March 8, 2015 Sermon: “When Jesus Got Angry”

March 9, 2015 by Todd Bowman

March 8, 2015

“When Jesus Got Angry”

The Rev. Maren Sonstegard-Spray

John 2:13-22

13 When it was almost time for the Jewish Passover, Jesus went up to Jerusalem. 14 In the temple courts he found people selling cattle, sheep and doves, and others sitting at tables exchanging money.  15 So he made a whip out of cords, and drove all from the temple courts, both sheep and cattle; he scattered the coins of the money changers and overturned their tables. 16 To those who sold doves he said, “Get these out of here! Stop turning my Father’s house into a market!” 17 His disciples remembered that it is written: “Zeal for your house will consume me.” 18 The Jews then responded to him, “What sign can you show us to prove your authority to do all this?” 19 Jesus answered them, “Destroy this temple, and I will raise it again in three days.” 20 They replied, “It has taken forty-six years to build this temple, and you are going to raise it in three days?” 21 But the temple he had spoken of was his body. 22 After he was raised from the dead, his disciples recalled what he had said. Then they believed the scripture and the words that Jesus had spoken.

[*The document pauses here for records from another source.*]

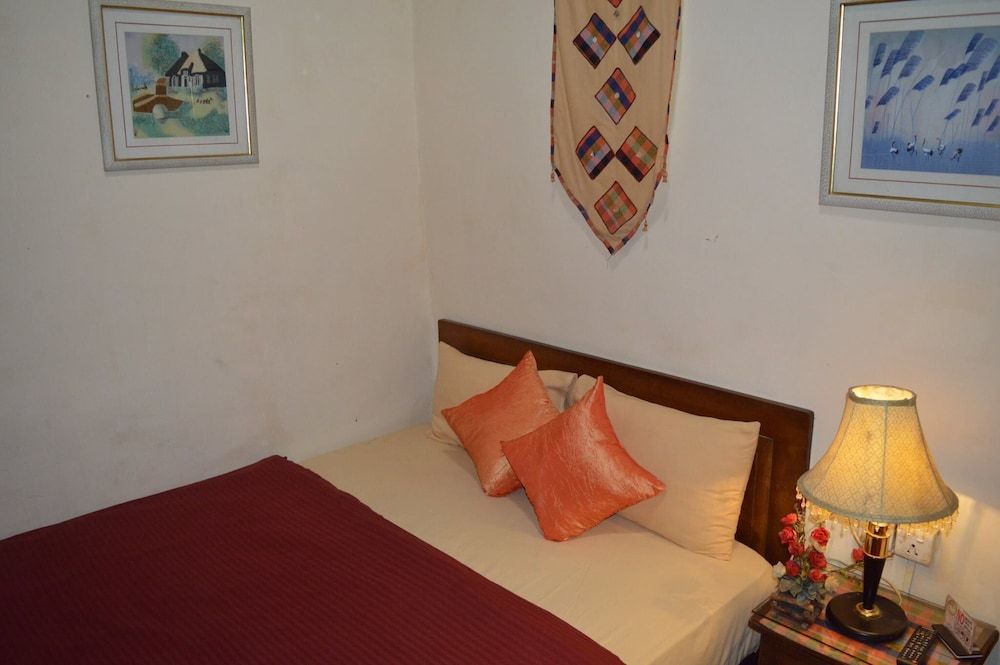 undefined Misty Holiday Nest 6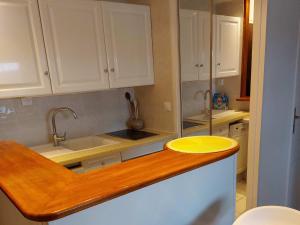 Charmant 2 pièces rénové près de la plage avec parking - FR-1-712-77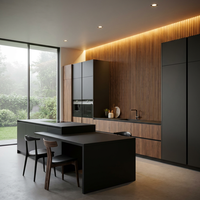 Ensemble complet d'armoires de cuisine personnalisées, armoire de rangement moderne modulaire avec îlot central, plan de travail en pierre frittée et évier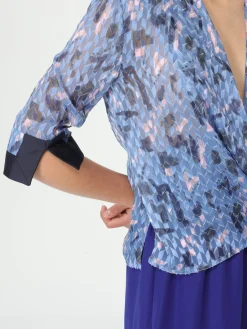 Blusa Emporio Armani in seta con stampa grafica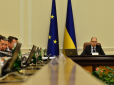 Щоб не розбагатіли: Яценюк наказав знизити розмір підвищення пенсій і зарплат в Україні
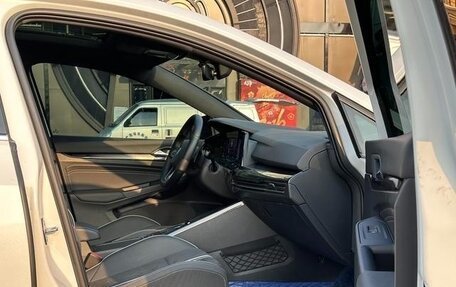 Volkswagen Golf VII, 2021 год, 2 000 000 рублей, 12 фотография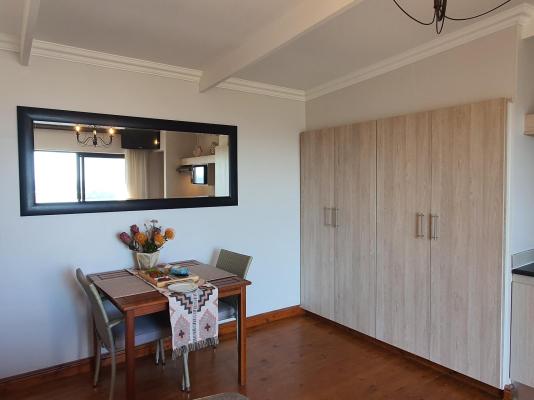 Room image 4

There has a debate on the internet about the color of a certain dress.  Some people say that the dress is blue and black, and some people say that the dress is white and gold.

The New York Times article in the science section describes why this is so: “Our perception of color depends on interpreting the amount of light in a room or scene. When cues about the ambient light are missing, people may perceive the same color in different ways.”

Meaning that sometimes we can interpret the same scene in different ways depending on context.

So let’s take that idea and see if that can help us understand what is going on in our passage this morning.

We have no record of Jesus life from his early teens through his late twenties.  But here’s what we know.  We know that he was literate, he studied scripture with the teachers of the law.

We have this account of him in Luke’s gospel of when he was twelve years old, and we are told that every year his family made the pilgrimage to Jerusalem for the festival of the Passover.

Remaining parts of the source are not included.